ROANOKE TIMES

                         Roanoke Times
                 Copyright (c) 1995, Landmark Communications, Inc.

DATE: SATURDAY, July 30, 1994                   TAG: 9408020023
SECTION: CURRENT                    PAGE: CURRENT   EDITION: METRO 
SOURCE: By STEPHEN FOSTER STAFF WRITER
DATELINE: BLACKSBURG                                LENGTH: Medium


LYRIC LOVERS UNITE TO GIVE THEATER A SECOND ACT

Ray Smoot remembers the popcorn and rowdy times in the balcony. Lillian Dymock recalls dropping off the kids for matinees.

But when it comes to the effort to "Bring Back the Lyric," Bill Sterrett has perhaps the most direct personal stake.

"I paid for that marquee," Sterrett claimed Thursday, while milling about The Grove with dozens of Blacksburg business people, politicians, Virginia Tech officials and others of influence. They were called together by the committee that is mounting an effort to revitalize the 64-year-old theater that for three years has sat unused.

Sterrett, president of Mayflower Van Lines Agency in Blacksburg, ended up buying the theater a new marquee when one of his trucks backed into the old one a few years back.
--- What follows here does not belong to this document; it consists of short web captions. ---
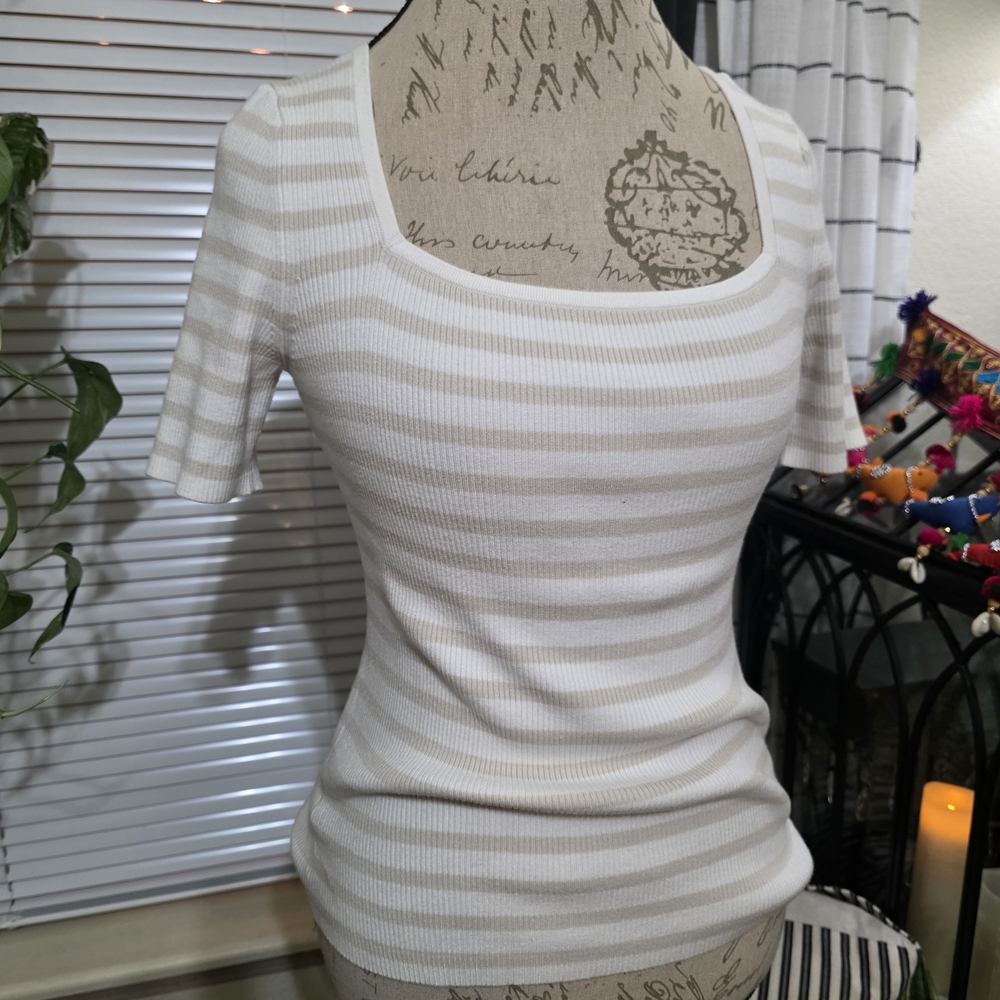 LOFT White and Cream Square Neckline Soft Stretchy Ribbed Top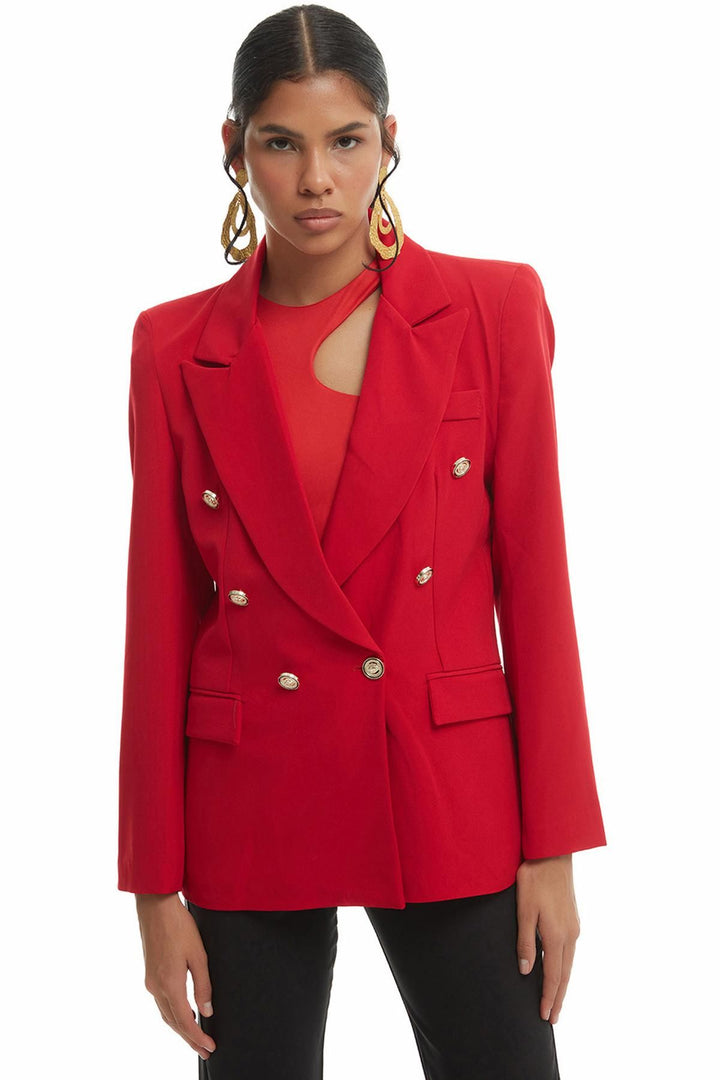 Düğme Detaylı Blazer Ceket Kırmızı
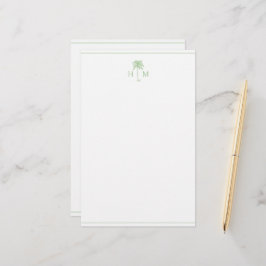 Papelaria Monograma de árvore de palmeira verde e branca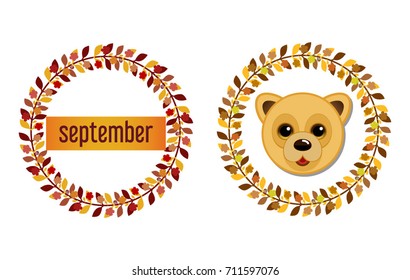 Autumn Fall Golden Yellow Orange Red Brown Tree Leaves With Bear - Detailed Wreath on White Background - Web Design September Vector Illustration 
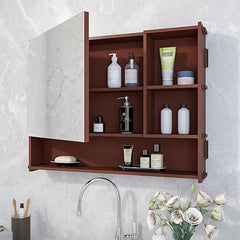 Large Bathroom Mirror Cabinet with 5 Spacious Shelves- Solid Brown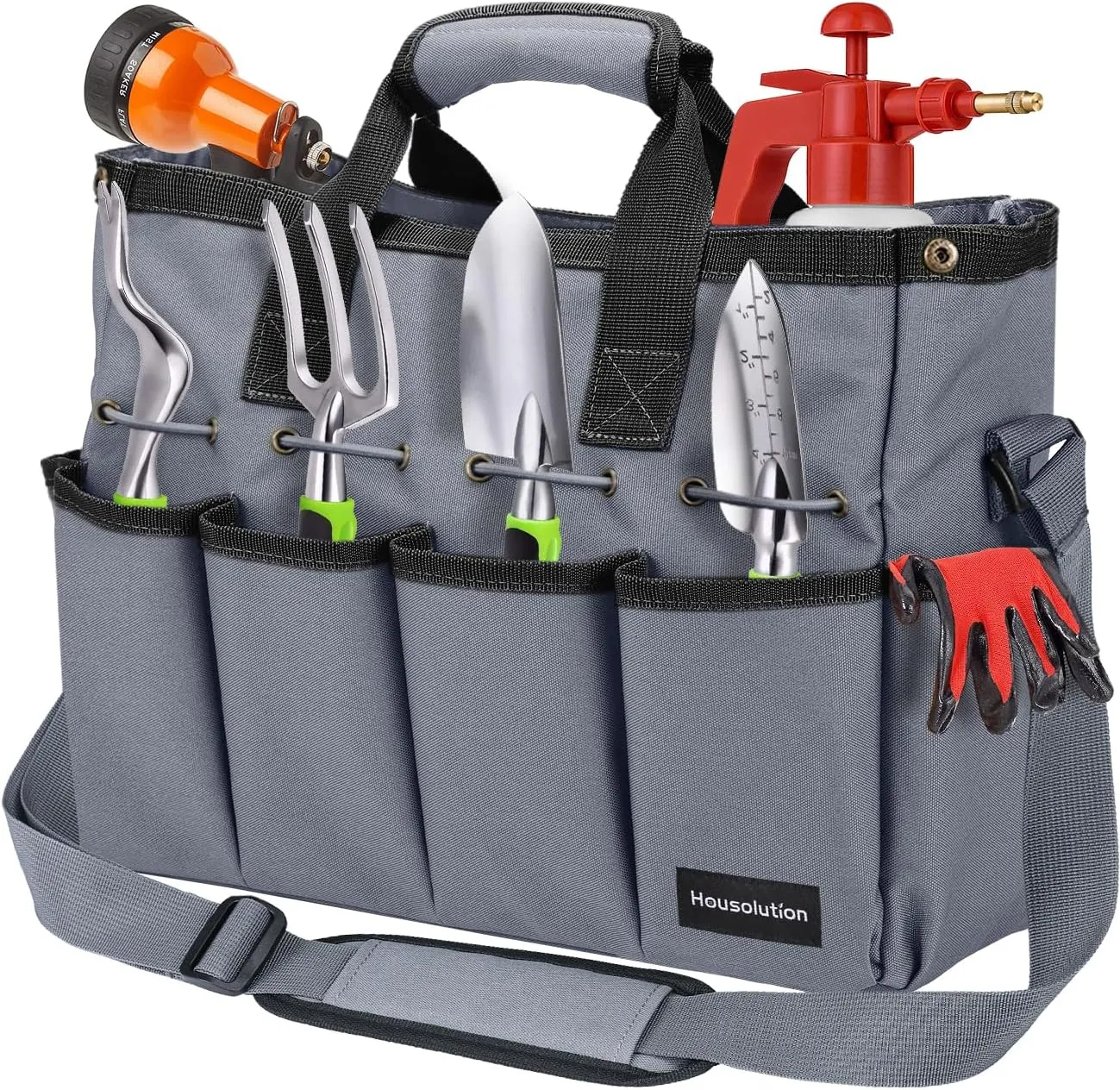 Garden Tote Bag, 900D Gardening Tool Bag, Garden Tote Storage Bag with Pockets & Long Adjustable Shoulder Strap, Home Tools Organizer Garden Tool Kit Holder, Standable, 14 Inch, Gray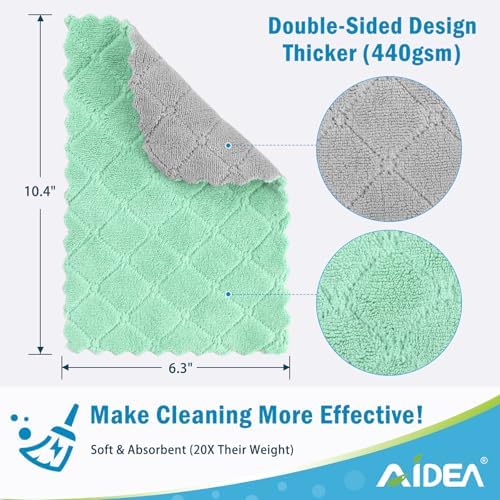 AIDEA 12 Pack Coral Fleece Dish Towels
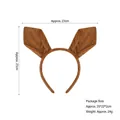 Brown plush kangaroo ear headband with detailed dimensions 23x21cm for parties - Brown Kangaroo Ear Headband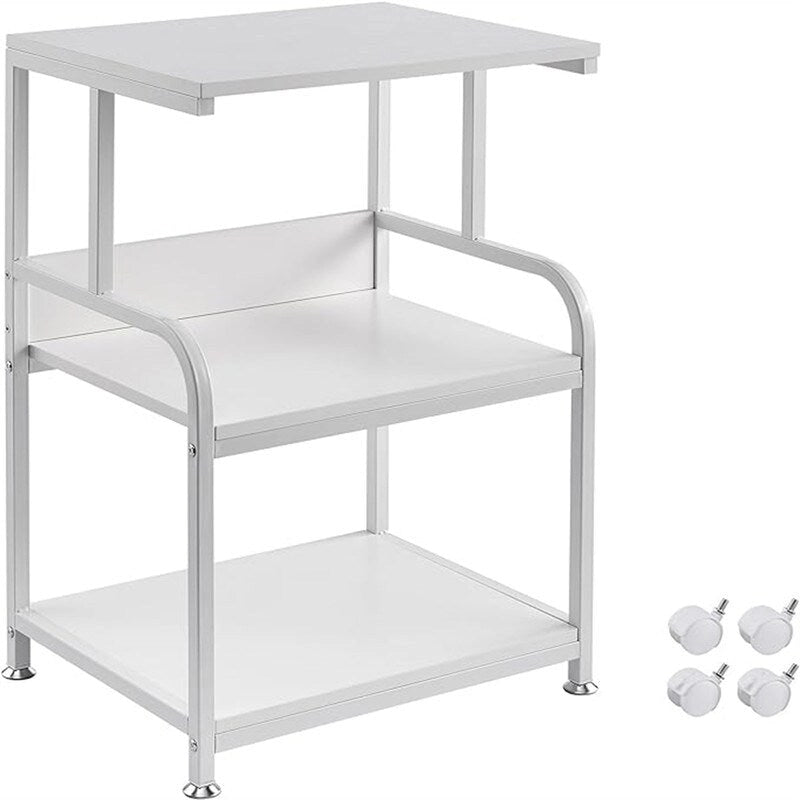 Support d'imprimante à 3 niveaux avec roulettes, blanc/brun/noir, pour 1 imprimante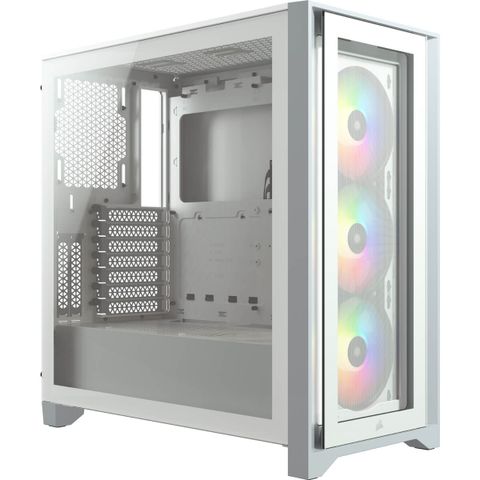 Corsair Icue 4000x Rgb Tempered Glass Mid-tower Atx Case — White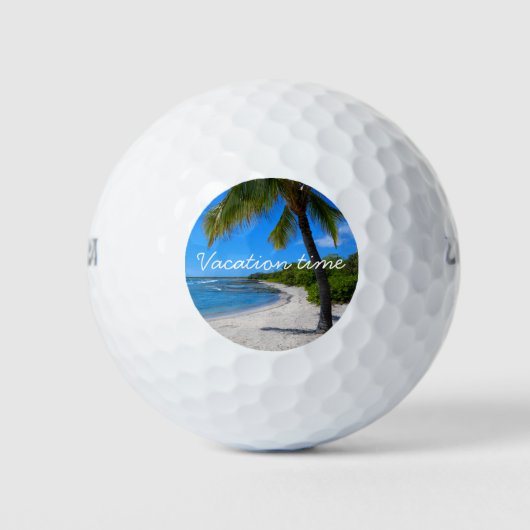 Hawaii Beach Palm Tree Vacking Time Quote Golfballen (Voorkant)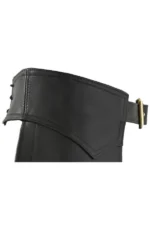 Ridgeway Men's Leather Motorcycle Chaps Adjustable Waist Detail
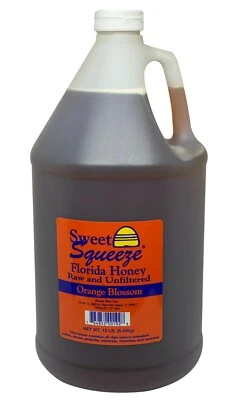 Sweet Squeeze Raw Honey - Orange Blossom - Unfiltered- Gallon (12 Pounds) - Image 1 of 2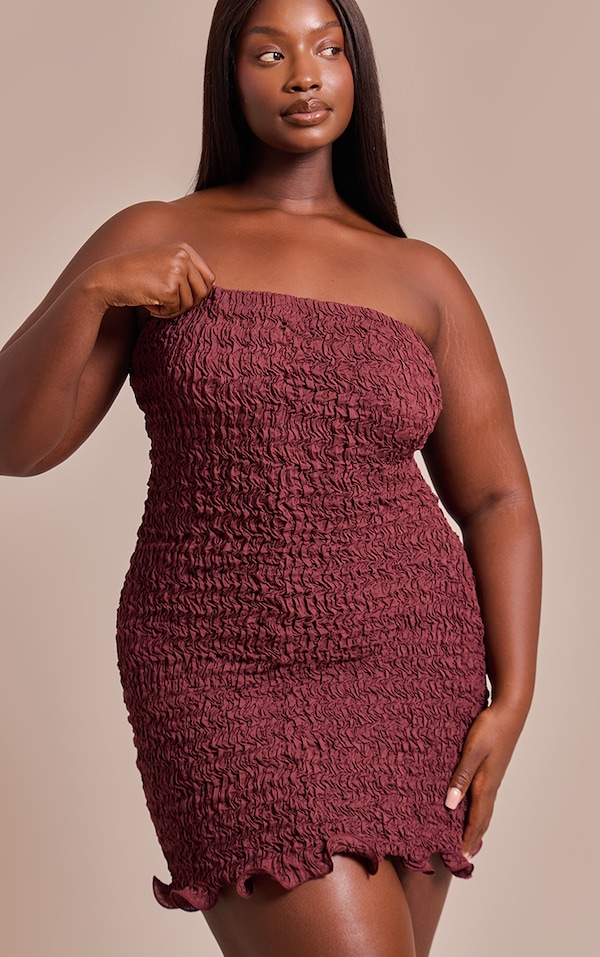 Plus Dark Red Crinkle Textured Jersey Bandeau Bodycon Dress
So if anyone in Blacksburg is interested in seeing how the campaign turns out, it's Sterrett.

Raymond Smoot, Tech's treasurer and vice president for finance, jokingly portrayed Sterret as the local philanthropist who should fund the entire project. But it will take a townwide effort to get the job done, according to committee organizers.

The organizers hope Thursday's wine and hors d'oeuvres affair, where more than a hundred people turned out to socialize, reminisce and talk about what the Lyric could be, will transform into a hands-on, money-raising effort that will reintroduce the theater as a place to see foreign and art films, attend music and stage performances, and listen to lectures.

Lindsay West, one of the committee organizers, said more than $100 was placed in bowls set up on the porch of the mansion, a drop in the bucket of what will go toward publicizing the effort.

It could cost $500,000 or more to redo the theater, which is owned by Blacksburg Realty Partnership and managed by HCMF Corp. The committee will meet Aug. 18, West said, to begin forming a business plan, assigning interested parties to various subcommittees and generally getting down to the nitty-gritty of how to pay for what it wants.

Thursday's event was to get the word out.

"What we've got in mind is lighting a fantastic candle," said Jim Dymock, manager of Davidson's on Main Street, speaking to the crowd as it packed into the foyer of the home of Tech President Paul Torgersen and his wife, Dot. "We've got to tap the talent of good folks like yourself."

Quipped an optimistic West: "We hope that you will be calling before we call you."